Going back to the California/Mississippi example, what happens if California just keeps getting more exciting and Mississippi keeps sinking into the mud? Eventually California collects so much gold its coffers are bulging at the seams — and Mississippi goes into a deflationary spiral that ends in bankruptcy. On a country level, this is one of the biggest objections to a gold standard in general. As more productive countries increase their gold reserves relative to unproductive ones, the trading partners of the productive country grow poorer. If enough gold leaves the system, deflation kicks in, as it did for poor old Mississippi. And under a pure gold standard, there is no effective way to rectify the situation short of a miracle. Or is there? 

If you allow fractional reserve banking, then yes, there is! 

Crisis Averted — Thanks to Fractional Reserve Banking  

This California/Mississippi thing is working, so let’s keep it up. 

Imagine that, in a desperate stroke of genius, the governor of Mississippi convinces the federal government to legalize fractional reserve banking for his state. He does this to counteract the devastating effects of a rapidly shrinking money supply (all the capital is flowing out, remember, and taxes are rising as revenues fall). Our heroic governor recognizes that his biggest problem is a rapidly shrinking local money supply. Unless he can fight off this deflationary death spiral, attempts to lure in new business and new capital will all be for naught. 

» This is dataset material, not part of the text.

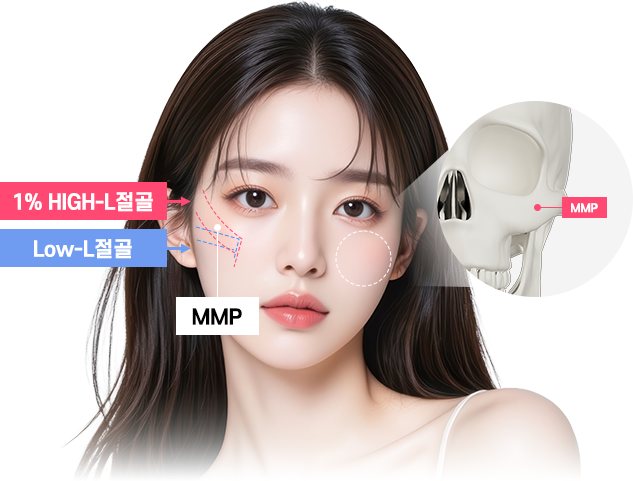1% HIGH-L절골과 Low-L절골 위치·MMP 포인트 표시 모델과 두개골 확대 도식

With the return of fractional reserve banking, Mississippi banks suddenly have the ability to expand the money supply by lending against their reserves — something they could not do before. This enables the Mississippi banks to make loans they previously could not have made; which in turn enables the governor to broadcast a message to the nation: Come set up shop in Mississippi! Our cost of living is rock bottom, we will loan you the money you need to get rolling (if you have collateral, of course), and we will give you tax holidays and in general make it very worth your while. (By expanding the money supply, the state of Mississippi can borrow to fund the tax holidays too.) 

The entrepreneurs and industrial manufacturing companies heed the call, and they come to Mississippi and take out loans and sign up for the tax holidays and generate productive economic activity, and state and local governments put a stop to the rising taxes, and the state is saved. 

All of this happened because of the monetary flexibility made possible by fractional reserve banking. Obviously, there are a lot of other factors to turning an economy around. But monetary flexibility is key. When an economy gets too hot, it is important to be able to throttle down on the general monetary supply via free market movements — even in the presence of a gold standard. When an economy gets too cold and deflation looms, it is important to have the flexibility to increase the money supply via free market movements — especially in the presence of a gold standard. 

Fractional reserve banking is a complement, not a threat, to a well-functioning monetary system; it goes with a gold standard like peanut butter with chocolate (two great tastes that taste great together). The inflexibility of the gold standard, you see, is both a virtue and a vice. In times of real tragedy, that inflexibility threatens to become intolerable. 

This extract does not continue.